There was evidence that he had conversed and drunk with the complainer in charge 1 (EH);
however, he had no real prior interaction with the complainer in charge 2 (SP). In each case,
the appellant went into the complainers' bedrooms and had sexual intercourse with them.
EH's evidence was that she remembered only being very drunk, and then waking up in her
bed naked with the appellant beside her. She felt confused and disorientated, still a bit
drunk and tipsy. She went to the toilet and became aware of a substance like lubricant or
semen about her person, which made her assume she had had sex. SP described herself as
being "blackout drunk" and going to bed early. She had a memory of lying down in her bed
with her hands at her sides and someone on top of her. She woke alone, but did not
recognise the photograph in the appellant's passport which he had left at her bedside. She
put her hand to her vagina as she felt uncomfortable. She had a pulsating feeling as if
someone had penetrated her and she noticed a wet discharge. There was evidence that
people had been in the living room drinking when SP went to bed herself. The appellant
later asked to use the toilet and was directed to the ensuite in SP's room. Some time later
two of her flatmates went to check on her and knocked on the door to ask if she was ok.

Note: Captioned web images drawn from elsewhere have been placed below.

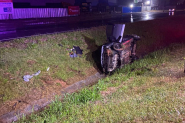 Carro capota e cai em canteiro central da BR-470, em Ilhota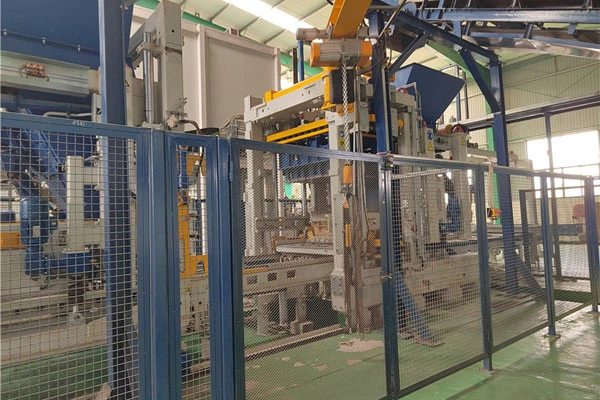 Uruchomienie projektu maszyny do produkcji bloczków betonowych Zenith1500-2, pomagając w budownictwie miejskim w Mali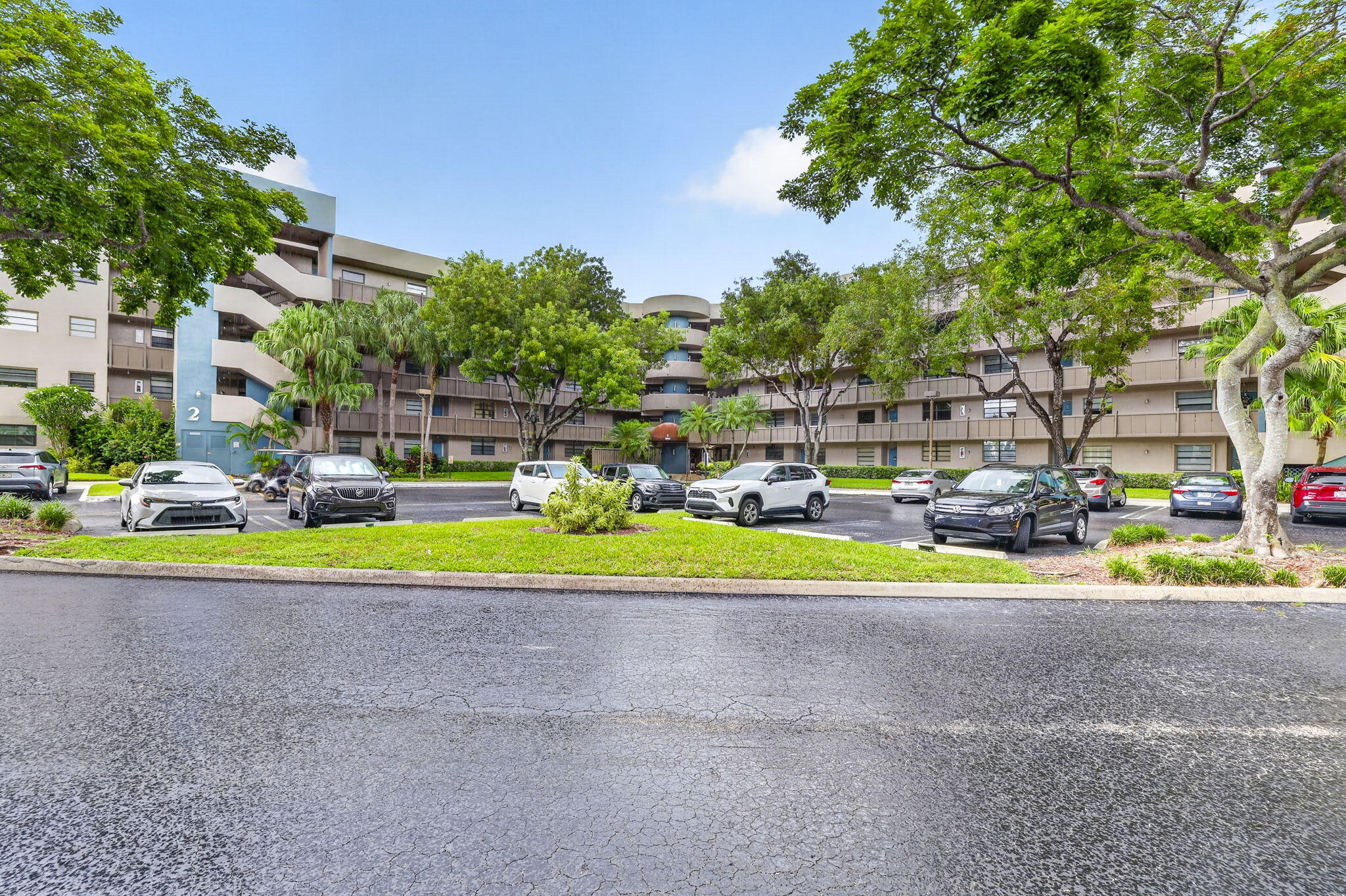 1000 Colony Point Cir #108 - 1000 Colony Point Cir #108, Pembroke Pines, FL 33026 Luxury Property | Jose Angel Pina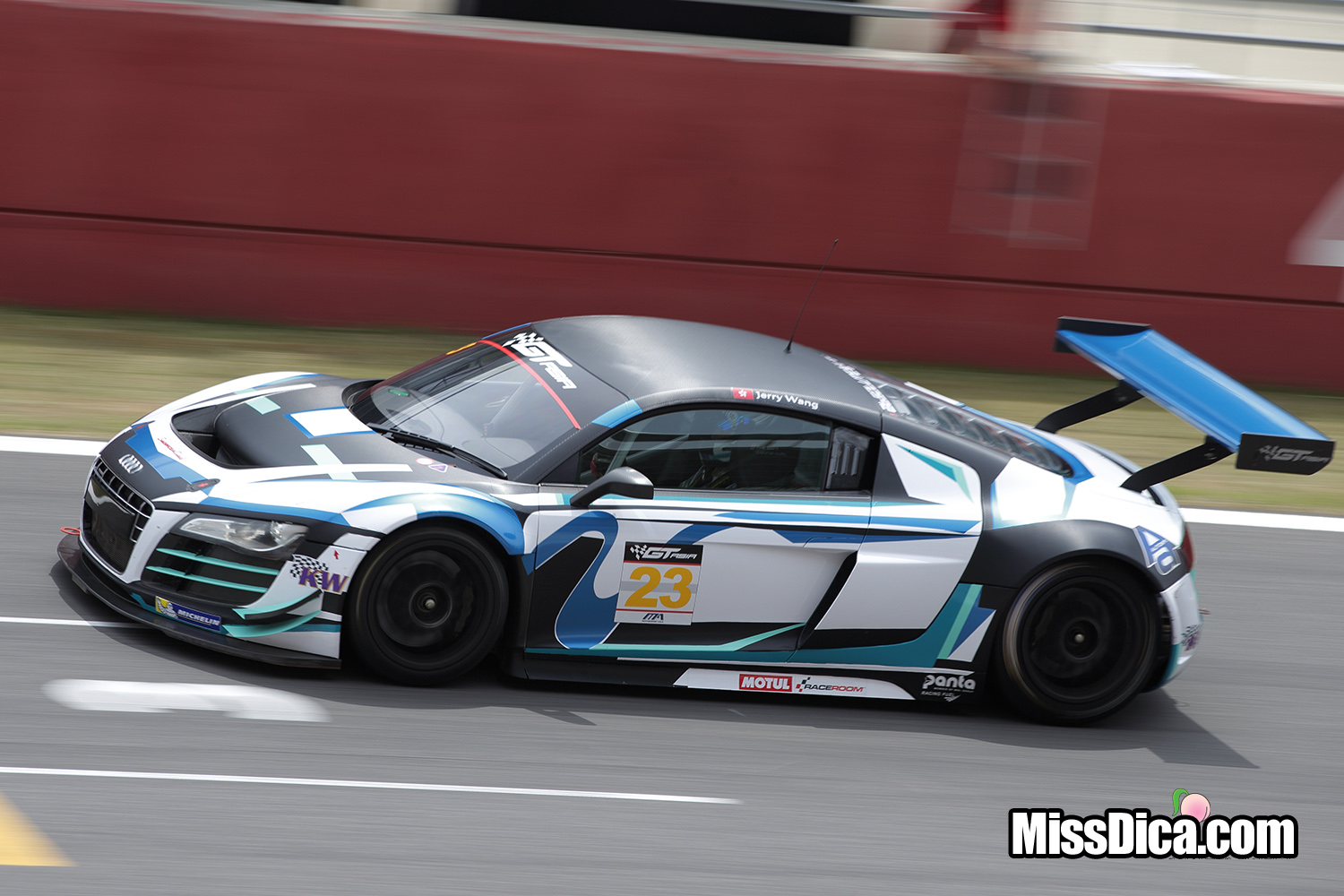 LKO_9702 복사.jpg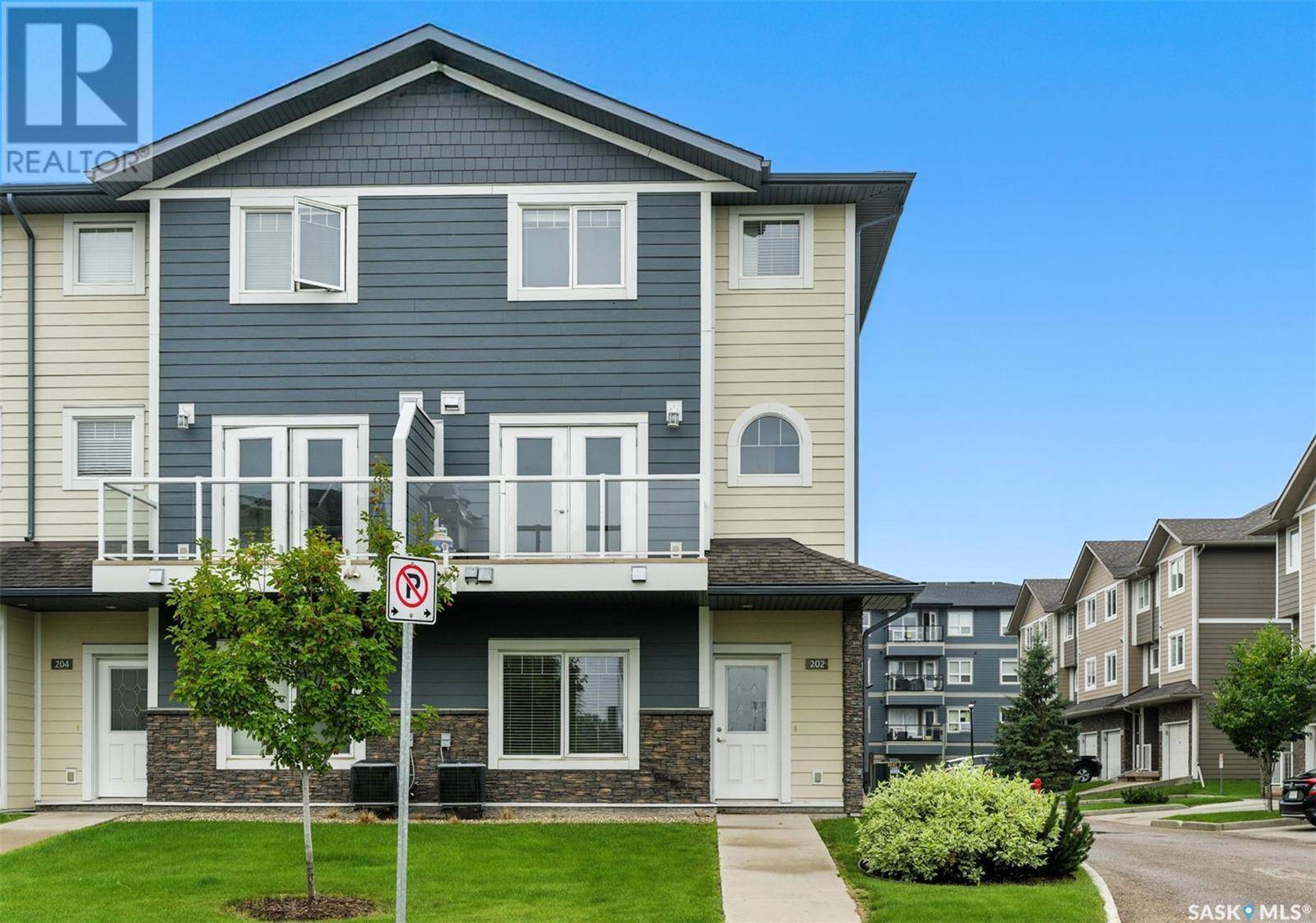 202 212 Willis CRESCENT, Saskatoon, SK S7T0R7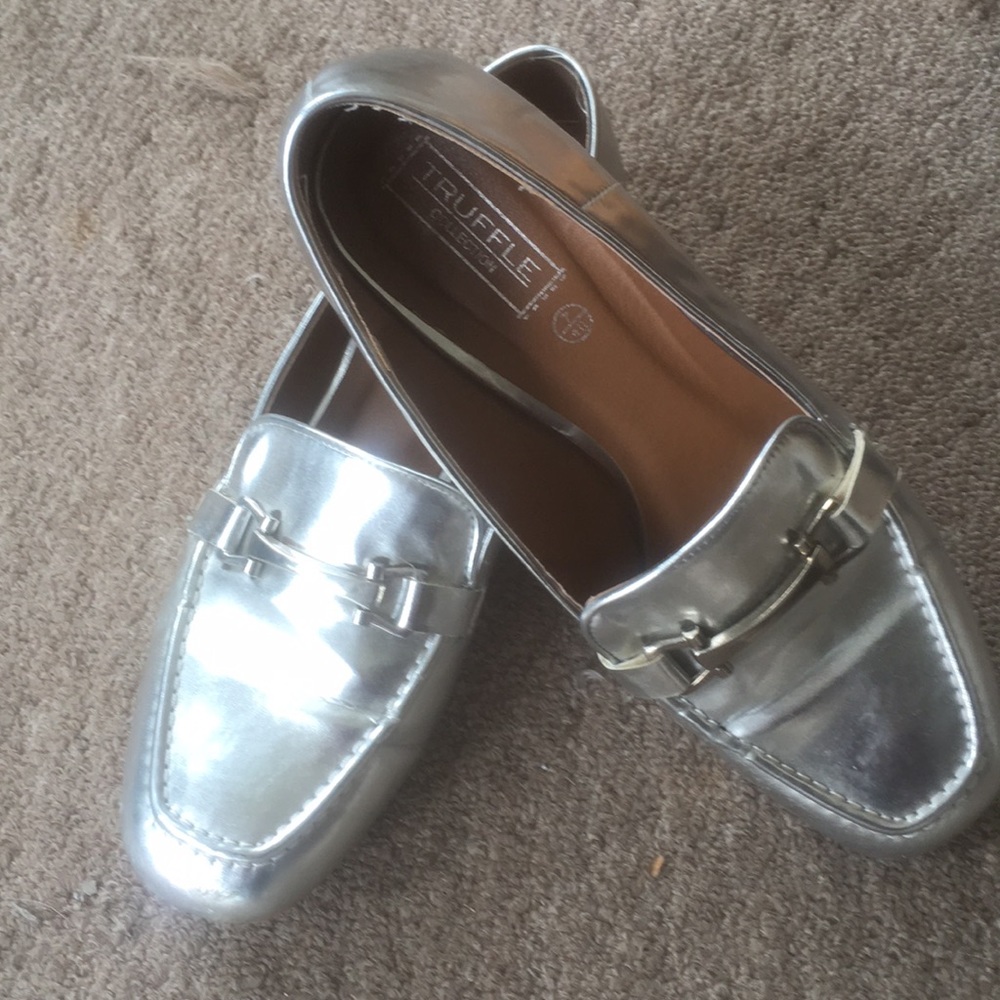 Silver penny loafer flats Size 9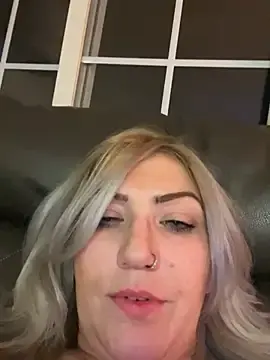 Stripchat Live Sex Cam of LittleMissEeve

They thought the appellant was also in the room. SP said that she was ok. The flatmates
were discussing the situation when the appellant came out of the room, having heard the
commotion. He was asked to leave and he did so.
[3]
It was the appellant's position that both complainers had been active and willing
participants, with mutual kissing and cuddling leading to intercourse. In connection with
EH, they were both "quite drunk" but she was able to hold a conversation, was not slurring
her words and had no difficulty walking. She invited him into her bedroom. In the
3
bedroom they chatted, she got into bed, so did he, they chatted, kissed and cuddled and had
consensual sex. With SP, after using the ensuite in her room, he asked her why she was in
bed and teased her for flagging. He got her a glass of water and asked if she wanted him to
put out the light and again she said yes. She was fine and lying on the bed. Before turning
out the light he asked her if she wanted him to stay there and she said yes. He lay on the
bed next to her and they cuddled and kissed. She put her hand around his neck and was
straddling him. They kissed and had sex, he having removed her underwear and jeans.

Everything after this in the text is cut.